British Army recruitment in Ireland falls after dissidents target potential recruits

A British Army paratrooper on duty in Afghanistan.

The number of Irish citizens joining the British Army halved in 2012, according to new figures issued by the UK’s Ministry of Defence.

The Irish Independent reports that just 70 Irish people joined the British Army after dissident Republicans targeted potential recruits.

The report adds that the fall is also partly due to a drop in the number of combat operations undertaken by the British Army.

The latest Ministry of Defence figures obtained by the Irish Independent reveal that just 70 Irish citizens joined the British Army in 2012. This figure contrasts with the 123 Irish citizens who joined the British armed forces in 2011, a 44 per cent drop in 12 months.

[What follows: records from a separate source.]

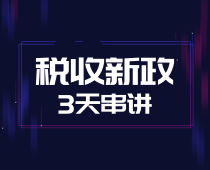 摊销年限最新规定及其对企业影响分析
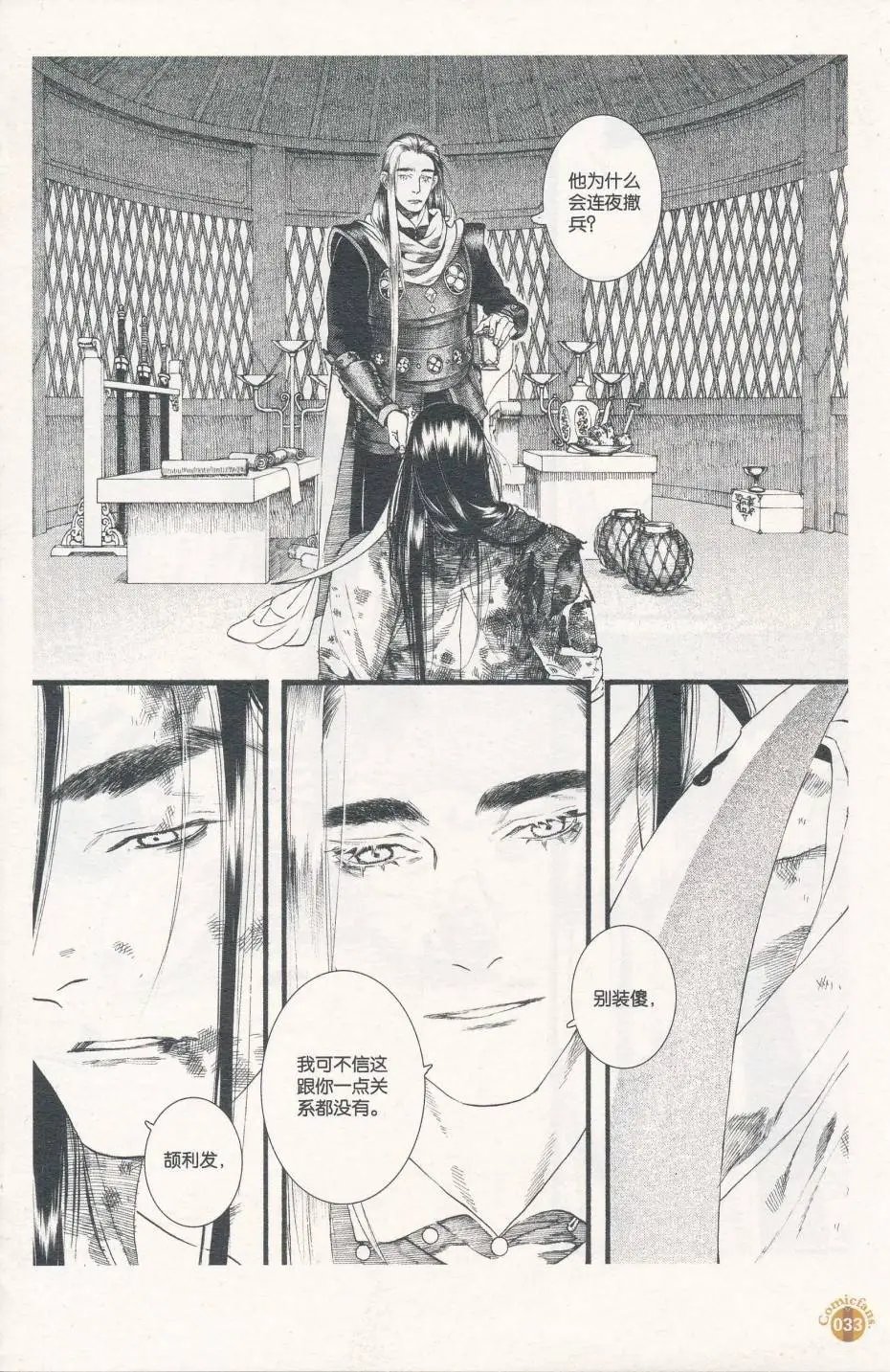 第57话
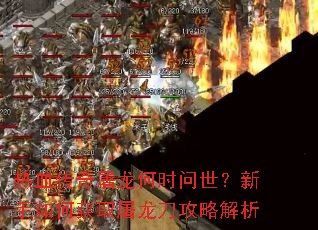 ��Ѫ����������ʱ������������λ�ȡ���������Խ���
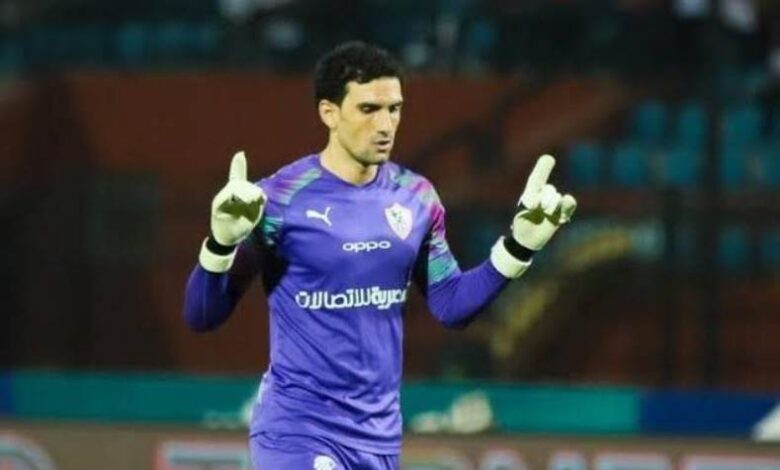 محمد عواد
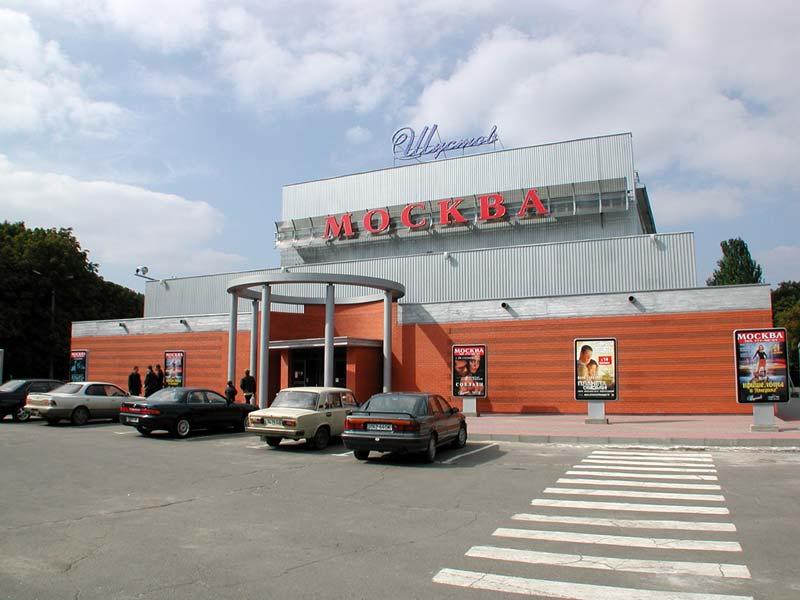 Moskva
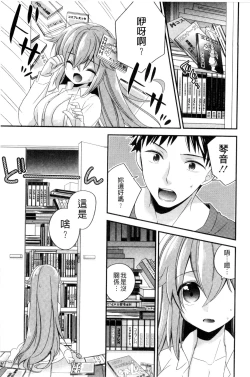 Page 20 of Virgin Holic | 處女開苞成癮症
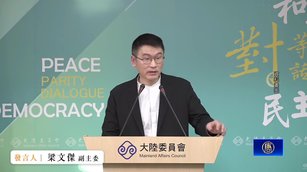 中共政治恐嚇劉世芳株連外甥 陸委會:跨境鎮壓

It’s the first time since 2007 that recruitment in the Republic of Ireland by the British Army has dropped.

The report adds that the decline is a surprise given that over the past decade recruitment in Ireland had reached its highest level since World War II.

Military analysts told the paper there are a number of factors behind the decline, including the end of British combat operations in Iraq and Afghanistan.

British armed forces have downsized recently while the improving economic situation in Ireland has also hit recruitment.

The targeting of Irish recruits to the British Army by dissident republicans is also seen as a factor in the decline.

Last Christmas police in Limerick foiled an attempted attack by dissident Republicans on a British soldier home on vacation.

A year ago, the Continuity IRA directly threatened all Irish citizens serving with Britain’s armed forces.